Mutations in a particular gene can lead to more aggressive tumours and distant metastasis, but there are no specific treatments for it. A crucial discovery by EU funded researchers will lead to better precision medicine in cancers with these mutations.


Renal cancer is among the 10 most prevalent cancers arising in Western countries, with clear-cell renal cell carcinoma (ccRCC) being the most frequent subtype (75%). About 30% of patients with ccRCC present metastatic disease at diagnosis and another 30 % develop metastases after surgery. When metastatic, ccRCC remains largely incurable. Researchers from the German Cancer Consortium (DKTK) at the Essen University Hospital, previously discovered that the tumour suppressor BRCA1-associated protein 1 (BAP1) is inactivated in 15% of ccRCCs. They found that mutations in BAP1 are mutually exclusive with mutations of the tumour suppressor gene PBRM1. Furthermore, loss of BAP1 was associated with higher tumour grade, activation of the protein complex mTORC1, and poorer overall patient survival. However, tumours with PBRM1 loss were associated with a lower tumour grade and better overall survival. This initial molecular genetic classification of ccRCC may have tangible clinical implications since tumours with BAP1 loss display in general more aggressive pathological features and are more prone to metastasise. However, the molecular mechanism through which BAP1 loss induces metastasis and tumour aggressiveness remains elusive.

Regulation region identified

The EU-funded VulneraBAP1 project addressed this challenge with the support of the Marie Skłodowska-Curie programme. By investigating the molecular mechanism behind the repression of a miRNA cluster involved in metastasis by BAP1, researchers identified opportunities for therapies. A miRNA is a small non-coding RNA molecule that functions in RNA silencing and post-transcriptional regulation of gene expression. One of the Europe-wide initiative’s main objectives involved the identification and characterisation of the BAP1 protein complex that binds at the microRNA (miRNA) cluster promoter. According to Samuel Peña-Llopis, Junior Group Leader at DKTK: “We identified the minimal region of regulation of BAP1 to the promoter region and several interesting proteins by using mass spectrometry in collaboration with a proteomics group from the German Cancer Research Center.” Another important goal was identifying genetic vulnerabilities of BAP1 loss by a synthetic lethality strategy. Synthetic lethality occurs when a combination of deficiencies in the expression of two or more genes leads to cell death, whereas a deficiency in only one of these genes does not. Scientists validated several candidate ‘hits’ in vitro and are currently in the process of validating them in vivo using mouse models of metastasis. “We used the immunohistochemistry of BAP1 as a biomarker of BAP1 mutation, as well as a methodology to simultaneously extract genomic DNA, RNA, small RNA (including miRNA) and proteins from tissues for genomic analyses, which we previously developed. Our main finding was the identification of vulnerabilities of BAP1 loss that might be exploited therapeutically,” Peña-Llopis explains.

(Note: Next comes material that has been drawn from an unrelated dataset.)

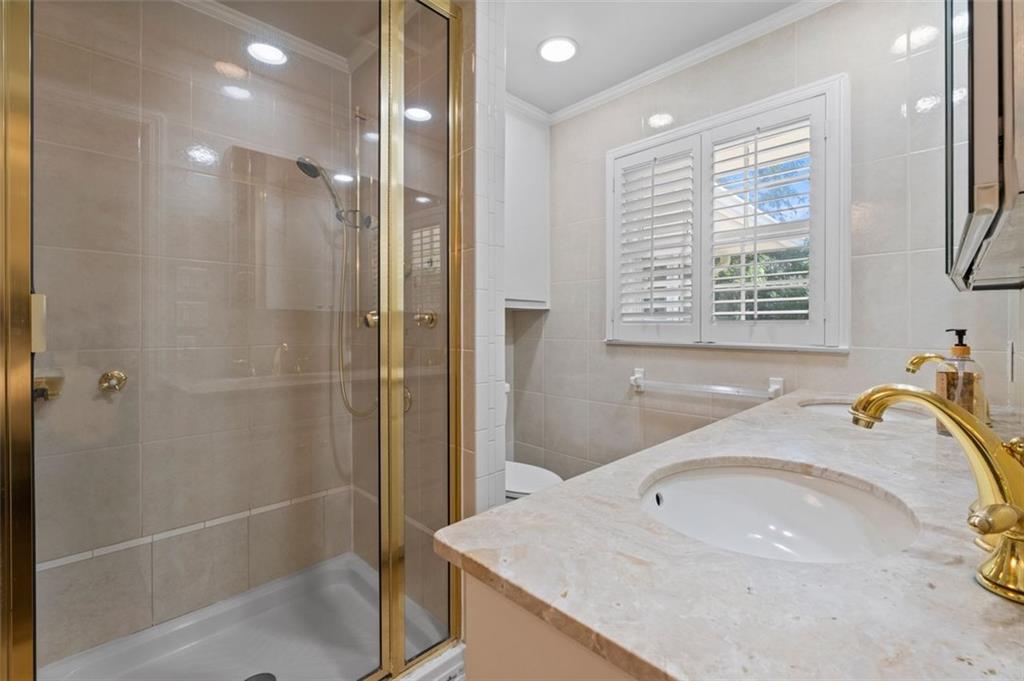 4725 BRINKLEY Lane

New treatments for patients

VulneraBAP1’s most exciting development is the translational potential for classifying patients with loss of BAP1, who are generally associated with more aggressive tumours, higher incidence of metastases and poor survival. VulneraBAP1 can use the loss of BAP1 in immunohistochemistry to identify patients with renal cancer or other tumors with mutations in BAP1 who would benefit from novel treatments developed by the project. “The project’s results will be used by doctors, clinical scientists and researchers to eventually benefit patients with cancer with mutations in BAP1, such as renal cell carcinoma, uveal melanoma, mesothelioma and cholangiocarcinoma,” concludes Peña Llopis.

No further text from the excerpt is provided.